En esta obra también se hacen visibles sus diferencias con filósofos racionalistas, especialmente con Aristóteles y, en ciertos puntos, con Moses Maimonides. Mientras Maimónides tendía a interpretar algunos milagros bíblicos mediante explicaciones más racionales o simbólicas, Najmánides enfatizaba su carácter real y sobrenatural. Llegó a afirmar que nadie podía comprender verdaderamente la Torá de Moisés sin reconocer que tanto la vida colectiva como la individual están continuamente bajo la acción providencial de Dios.

Para Najmánides existían cuatro principios fundamentales que sostenían la fe: la creación a partir de la nada, la omnisciencia divina, la providencia divina y la realidad de los milagros. Estos elementos constituían, en su pensamiento, pilares esenciales de la comprensión religiosa del mundo.

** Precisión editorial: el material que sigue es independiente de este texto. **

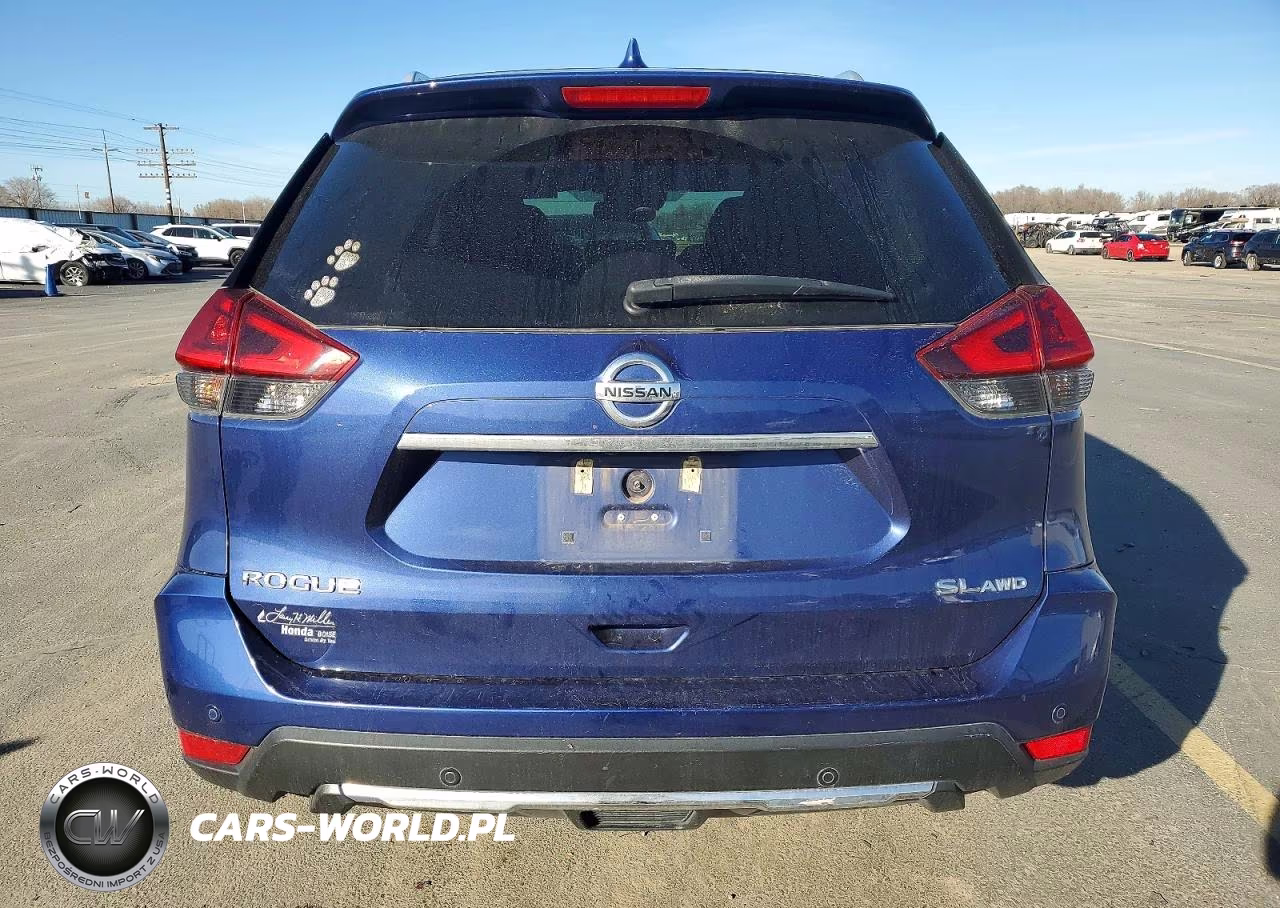 2019 Nissan Rogue S VIN:5N1AT2MV5KC766672 - 6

También mantuvo debates con Abraham ibn Ezra. Criticó en ocasiones su actitud hacia la Cábala y algunas interpretaciones exegéticas, aunque simultáneamente manifestó una enorme admiración por su erudición. Curiosamente, el comentario no permaneció estático: estudios posteriores muestran que Najmánides revisó y modificó su obra en más de doscientos lugares, especialmente después de trasladarse desde España a Eretz Israel, lo que revela que seguía reconsiderando y profundizando sus ideas incluso en los últimos años de su vida.

Conclusión

La vida de Moshé ben Nahmán fue la de un hombre que caminó entre mundos: entre la ley y el misterio, entre la razón y la revelación, entre el estudio silencioso y las grandes controversias públicas. Jurista, comentarista, médico, filósofo y cabalista, defendió con firmeza la tradición sin renunciar a la reflexión profunda. Debatió con reyes, desafió corrientes intelectuales de su tiempo, sufrió el exilio y terminó sus días lejos de la tierra que lo vio nacer. Sin embargo, mientras su cuerpo envejecía y cruzaba fronteras, sus ideas seguían construyendo puentes entre generaciones. Najmánides no dejó únicamente libros: dejó una manera de comprender la fe, donde cada palabra de la Escritura podía ocultar un universo entero y donde, detrás de la historia visible, continuaba actuando el misterio de Dios.